== Segment start ==

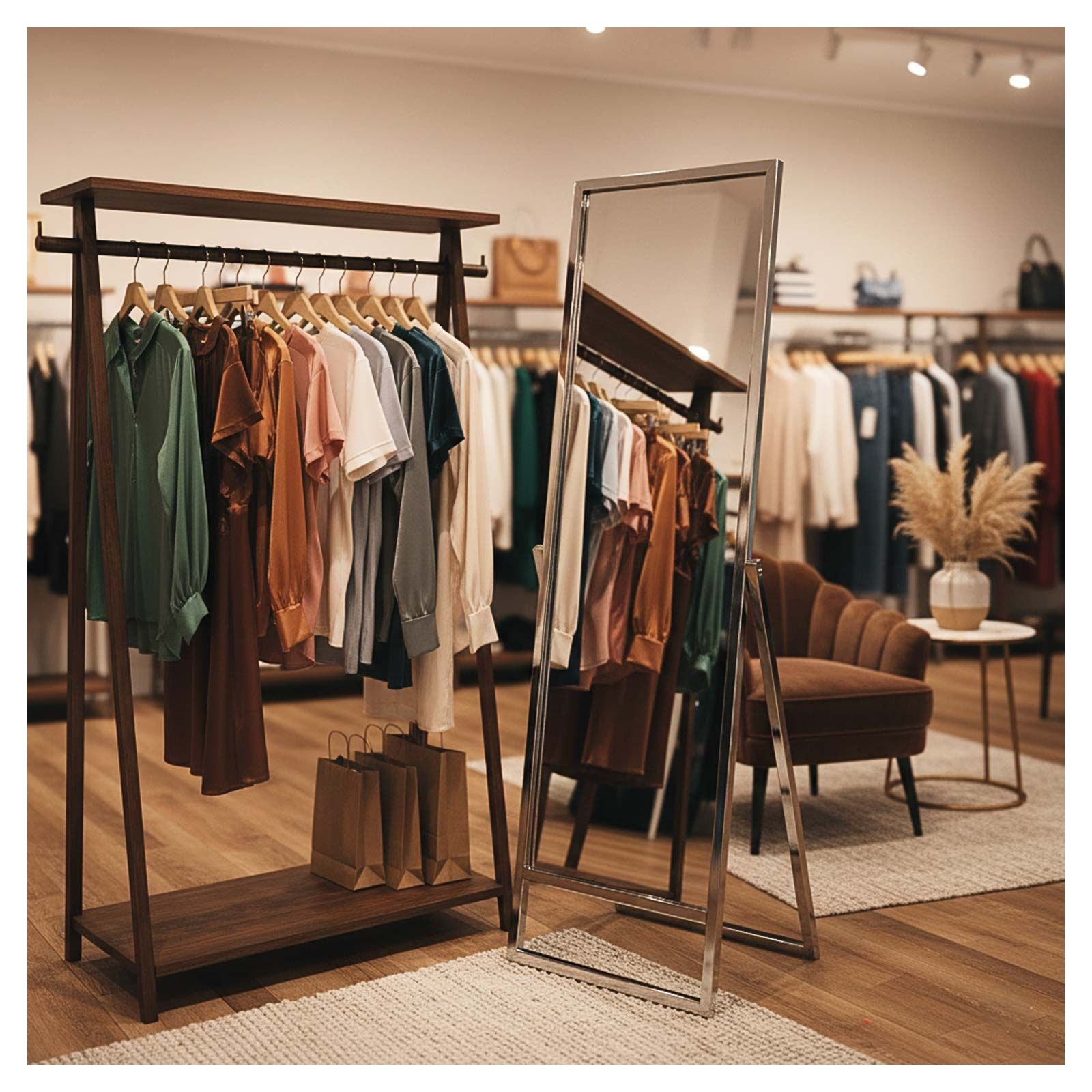 Konfektionsspiegel Premium klappbar, verchromt Bild 2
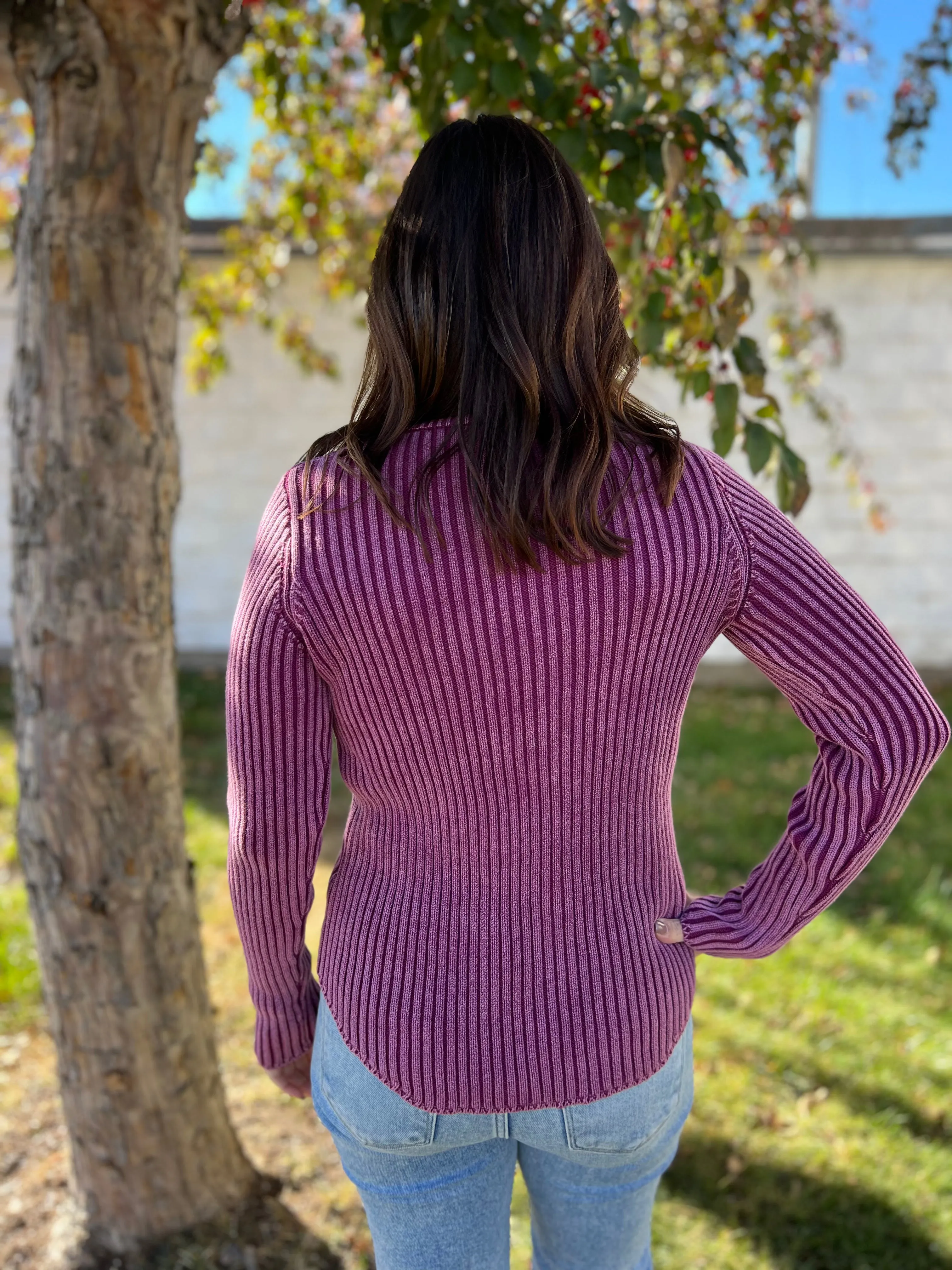 Mineral Washed Fitted Rib Knit Pullover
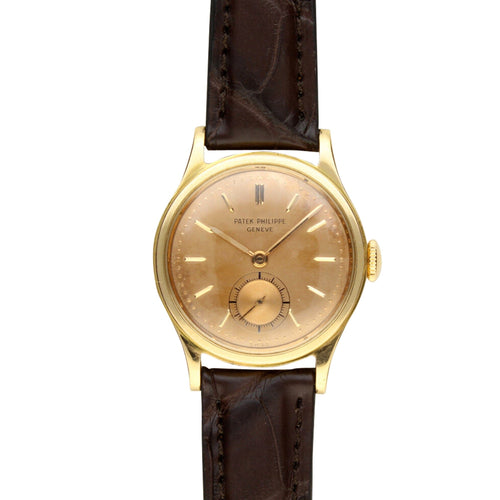 18ct rose gold Patek Philippe ref. 2451 Calatrava wristwatch. Made 1952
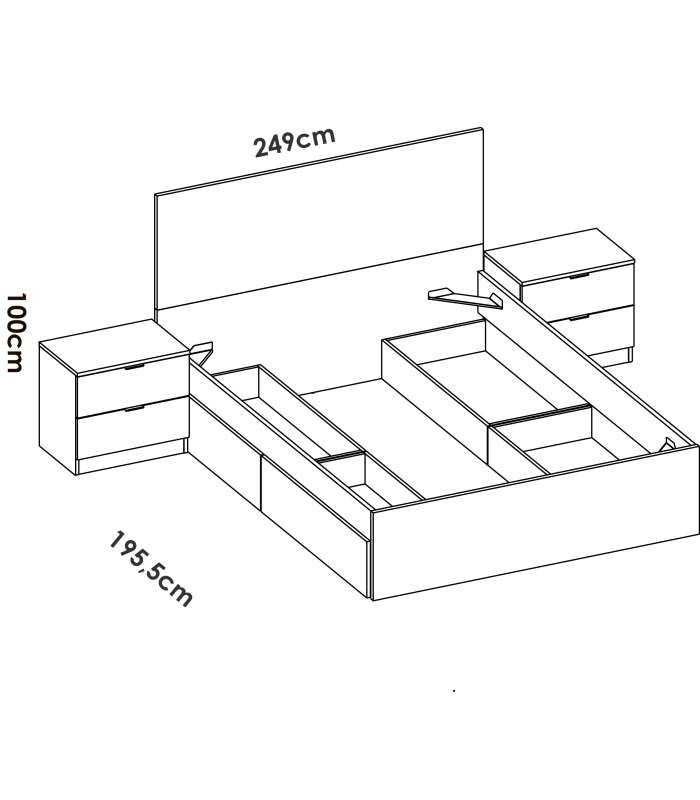 copy of Headboard set + 2 tables with two Gia drawers.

== Segment end ==

**Problem requirements**
From the line containing "18ct rose gold" down to the final line of the listing above, write out only those lines exactly as they are, minus the pictures.

**Answer below**
 18ct rose gold Patek Philippe ref. 2451 Calatrava wristwatch. Made 1952
 copy of Headboard set + 2 tables with two Gia drawers.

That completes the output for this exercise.